MW: Legal advice effectively needs to take into account more information than most of these kind of calculators ask you about. It needs to take into account your holistic financial picture. It needs to take into account how much money you have in your retirement fund savings, how much money you have in discretionary savings, how much you contribute towards any form of savings. It needs to look at your financial position. Do you have a house, do you pay money towards a bond, how much do you spend every month in living expenses, how much do you earn, how much are you projected to earn?

It effectively needs to first formulate and get a picture of you as an individual with financial needs before it starts looking at what investment strategy would suit your requirements, and what risk level you should be assuming in terms of that investment strategy.

SM: Okay. So a financial calculator wouldn’t necessarily do that?

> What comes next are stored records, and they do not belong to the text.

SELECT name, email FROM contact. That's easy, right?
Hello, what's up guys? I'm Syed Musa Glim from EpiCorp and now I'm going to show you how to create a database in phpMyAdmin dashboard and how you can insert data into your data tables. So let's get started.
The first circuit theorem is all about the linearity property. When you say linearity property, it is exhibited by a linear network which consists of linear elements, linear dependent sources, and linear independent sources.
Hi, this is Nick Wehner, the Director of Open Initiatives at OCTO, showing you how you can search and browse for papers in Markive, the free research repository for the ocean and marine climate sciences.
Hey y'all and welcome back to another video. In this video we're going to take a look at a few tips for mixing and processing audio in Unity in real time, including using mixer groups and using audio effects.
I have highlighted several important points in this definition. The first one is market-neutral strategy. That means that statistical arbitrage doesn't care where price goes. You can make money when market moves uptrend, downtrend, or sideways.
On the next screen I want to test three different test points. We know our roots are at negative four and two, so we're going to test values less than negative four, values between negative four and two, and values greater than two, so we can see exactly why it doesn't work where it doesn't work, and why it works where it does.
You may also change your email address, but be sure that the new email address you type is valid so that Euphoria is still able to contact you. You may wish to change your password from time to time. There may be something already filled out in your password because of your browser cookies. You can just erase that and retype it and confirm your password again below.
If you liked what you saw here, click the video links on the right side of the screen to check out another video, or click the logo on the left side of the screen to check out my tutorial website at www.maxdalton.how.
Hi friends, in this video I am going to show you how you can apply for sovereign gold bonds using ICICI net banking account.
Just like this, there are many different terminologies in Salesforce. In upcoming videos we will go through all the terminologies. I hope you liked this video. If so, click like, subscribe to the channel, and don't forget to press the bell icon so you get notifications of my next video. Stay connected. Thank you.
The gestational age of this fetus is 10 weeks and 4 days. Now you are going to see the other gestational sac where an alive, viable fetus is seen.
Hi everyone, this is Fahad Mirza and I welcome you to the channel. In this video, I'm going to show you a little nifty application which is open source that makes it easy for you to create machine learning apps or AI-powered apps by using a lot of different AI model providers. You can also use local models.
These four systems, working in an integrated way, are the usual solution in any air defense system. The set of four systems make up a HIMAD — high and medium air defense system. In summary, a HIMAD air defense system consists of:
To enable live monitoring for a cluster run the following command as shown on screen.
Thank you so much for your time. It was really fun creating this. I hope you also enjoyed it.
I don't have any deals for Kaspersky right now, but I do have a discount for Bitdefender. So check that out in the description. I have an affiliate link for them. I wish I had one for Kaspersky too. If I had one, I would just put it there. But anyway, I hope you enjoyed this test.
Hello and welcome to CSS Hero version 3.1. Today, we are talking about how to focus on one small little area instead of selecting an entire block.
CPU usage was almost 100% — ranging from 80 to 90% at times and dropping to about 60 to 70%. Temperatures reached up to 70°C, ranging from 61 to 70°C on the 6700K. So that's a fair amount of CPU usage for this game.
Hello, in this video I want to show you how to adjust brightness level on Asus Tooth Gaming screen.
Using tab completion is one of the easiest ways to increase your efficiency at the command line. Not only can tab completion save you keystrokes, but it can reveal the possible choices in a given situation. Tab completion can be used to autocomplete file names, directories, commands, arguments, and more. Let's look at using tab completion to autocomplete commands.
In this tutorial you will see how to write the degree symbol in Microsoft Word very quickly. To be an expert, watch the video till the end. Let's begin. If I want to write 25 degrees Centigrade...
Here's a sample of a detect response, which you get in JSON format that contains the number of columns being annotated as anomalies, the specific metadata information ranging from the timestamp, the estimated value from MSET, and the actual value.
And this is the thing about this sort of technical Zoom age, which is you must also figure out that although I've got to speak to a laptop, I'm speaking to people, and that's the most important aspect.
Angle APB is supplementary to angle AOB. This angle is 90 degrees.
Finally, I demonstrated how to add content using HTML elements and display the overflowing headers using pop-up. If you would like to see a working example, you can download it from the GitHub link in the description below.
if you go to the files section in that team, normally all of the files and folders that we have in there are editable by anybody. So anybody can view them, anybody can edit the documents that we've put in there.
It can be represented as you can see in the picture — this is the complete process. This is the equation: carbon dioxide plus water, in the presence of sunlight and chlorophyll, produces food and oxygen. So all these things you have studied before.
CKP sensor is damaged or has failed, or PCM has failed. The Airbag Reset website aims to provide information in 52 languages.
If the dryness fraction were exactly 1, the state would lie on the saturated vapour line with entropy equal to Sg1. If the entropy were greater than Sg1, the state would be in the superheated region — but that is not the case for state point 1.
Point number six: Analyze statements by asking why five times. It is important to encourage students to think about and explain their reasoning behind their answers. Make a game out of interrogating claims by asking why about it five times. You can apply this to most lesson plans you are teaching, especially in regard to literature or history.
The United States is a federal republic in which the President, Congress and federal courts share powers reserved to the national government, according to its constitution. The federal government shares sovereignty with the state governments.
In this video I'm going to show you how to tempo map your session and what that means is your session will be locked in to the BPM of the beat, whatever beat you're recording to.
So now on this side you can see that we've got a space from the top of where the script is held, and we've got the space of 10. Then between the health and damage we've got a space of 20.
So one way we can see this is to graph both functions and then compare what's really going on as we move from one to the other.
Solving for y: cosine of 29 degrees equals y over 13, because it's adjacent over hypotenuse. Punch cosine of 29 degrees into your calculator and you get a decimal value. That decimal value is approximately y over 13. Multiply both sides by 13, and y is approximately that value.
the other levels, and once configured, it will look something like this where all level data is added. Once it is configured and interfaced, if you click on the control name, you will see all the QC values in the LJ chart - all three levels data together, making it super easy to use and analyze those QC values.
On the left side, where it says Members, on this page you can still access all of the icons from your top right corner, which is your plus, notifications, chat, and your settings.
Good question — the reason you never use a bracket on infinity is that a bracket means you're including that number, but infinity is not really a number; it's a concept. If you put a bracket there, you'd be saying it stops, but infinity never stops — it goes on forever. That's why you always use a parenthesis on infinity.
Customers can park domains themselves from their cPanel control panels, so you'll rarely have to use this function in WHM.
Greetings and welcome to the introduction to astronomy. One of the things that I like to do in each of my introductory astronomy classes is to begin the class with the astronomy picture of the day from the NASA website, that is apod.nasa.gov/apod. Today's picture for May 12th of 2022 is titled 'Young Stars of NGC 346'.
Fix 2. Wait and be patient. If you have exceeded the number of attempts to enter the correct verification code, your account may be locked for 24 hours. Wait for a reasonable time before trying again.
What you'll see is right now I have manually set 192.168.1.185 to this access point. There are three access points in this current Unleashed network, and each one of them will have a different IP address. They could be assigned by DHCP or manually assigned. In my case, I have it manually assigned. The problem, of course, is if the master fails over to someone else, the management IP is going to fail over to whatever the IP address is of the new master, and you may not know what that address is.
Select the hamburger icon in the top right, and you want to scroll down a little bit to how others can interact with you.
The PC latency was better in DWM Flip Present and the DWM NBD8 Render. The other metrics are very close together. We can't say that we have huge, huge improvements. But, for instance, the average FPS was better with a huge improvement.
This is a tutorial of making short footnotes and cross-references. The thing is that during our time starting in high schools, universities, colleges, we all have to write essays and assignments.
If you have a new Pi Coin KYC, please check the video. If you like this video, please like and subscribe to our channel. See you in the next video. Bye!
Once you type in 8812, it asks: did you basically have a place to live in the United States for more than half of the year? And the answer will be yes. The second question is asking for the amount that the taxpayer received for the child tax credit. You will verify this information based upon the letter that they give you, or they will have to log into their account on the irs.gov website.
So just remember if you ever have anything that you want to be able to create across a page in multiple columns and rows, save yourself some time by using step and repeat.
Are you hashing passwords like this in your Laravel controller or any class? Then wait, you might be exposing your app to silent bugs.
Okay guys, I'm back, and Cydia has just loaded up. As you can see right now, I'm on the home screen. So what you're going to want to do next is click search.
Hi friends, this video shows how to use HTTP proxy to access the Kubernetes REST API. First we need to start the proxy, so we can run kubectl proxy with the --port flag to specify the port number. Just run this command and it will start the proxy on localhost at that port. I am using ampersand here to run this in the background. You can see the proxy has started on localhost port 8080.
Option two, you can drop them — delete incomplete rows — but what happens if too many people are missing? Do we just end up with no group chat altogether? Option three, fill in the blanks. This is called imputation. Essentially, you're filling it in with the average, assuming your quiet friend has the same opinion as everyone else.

MW: No. A financial calculator masquerading as a robo-advisor – because the robo-advisor is the hot name in town, and everyone is calling everything a robo-advisor – a financial calculator effectively does three things. It asks you about your risk profile, how much money do you need and when do you need it? And then based literally on the back of those three pieces of information it points you to some investment product or collection of investment products, usually quite expensive, and in theory just tells you how much you need to invest to achieve your investment objective over whatever period you told it you wanted to save over.

SM: So, if you should be able to have a legal claim then, how much should you be paying for the robo-advice?

MW: This is where it gets very interesting. With the calculators, typically, if you dig into the terms and conditions of a website which calls itself a robo-advisor, you will find whether this is true advice or this is nonsense – such as we are inviting you to do business, but this isn’t financial advice.

So for websites which do offer financial advice – we are talking about true robo-advisors now – internationally typical fees for those range anywhere from 0.2% to 0.5% per annum.

SMI: Okay, Alright, we’ll leave it there. Thanks to Magda Wierzycka.